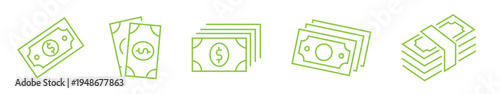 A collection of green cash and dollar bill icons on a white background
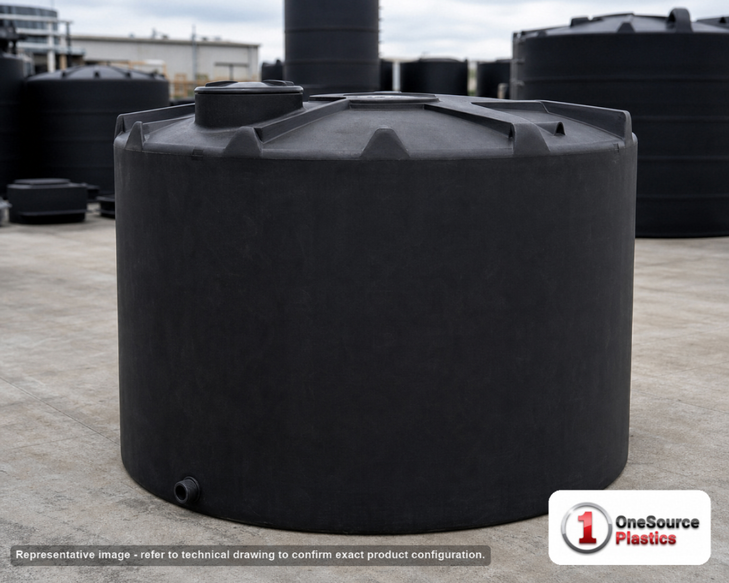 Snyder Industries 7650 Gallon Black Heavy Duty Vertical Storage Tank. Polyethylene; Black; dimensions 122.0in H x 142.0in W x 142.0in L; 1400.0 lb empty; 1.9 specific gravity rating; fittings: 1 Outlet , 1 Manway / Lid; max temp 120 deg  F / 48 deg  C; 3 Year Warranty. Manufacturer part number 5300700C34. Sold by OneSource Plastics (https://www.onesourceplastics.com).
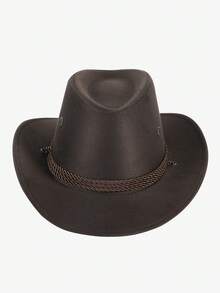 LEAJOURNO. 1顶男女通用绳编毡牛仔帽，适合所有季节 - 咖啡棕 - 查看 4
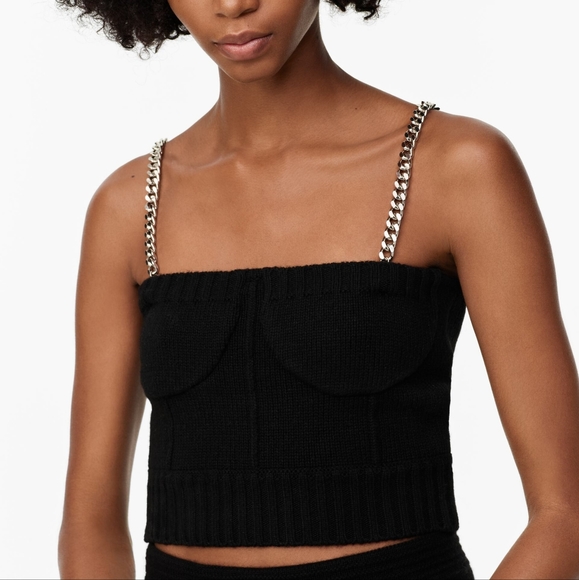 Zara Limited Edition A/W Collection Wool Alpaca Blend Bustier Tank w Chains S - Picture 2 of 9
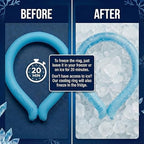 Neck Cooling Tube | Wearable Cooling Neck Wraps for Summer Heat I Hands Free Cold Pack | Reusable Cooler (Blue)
§ §
▶ _WHAT YOU ARE ASKED TO DO_: From the line that contains "LEAJOURNO. 1顶男女通用绳编毡牛仔帽，适合所有季节 - 咖啡棕 - 查看 4" to the last line of the records above, copy each line exactly, both ends included, and leave the pictures out.

▶ _WRITTEN ANSWER_:
 LEAJOURNO. 1顶男女通用绳编毡牛仔帽，适合所有季节 - 咖啡棕 - 查看 4
 Zara Limited Edition A/W Collection Wool Alpaca Blend Bustier Tank w Chains S - Picture 2 of 9
 Neck Cooling Tube | Wearable Cooling Neck Wraps for Summer Heat I Hands Free Cold Pack | Reusable Cooler (Blue)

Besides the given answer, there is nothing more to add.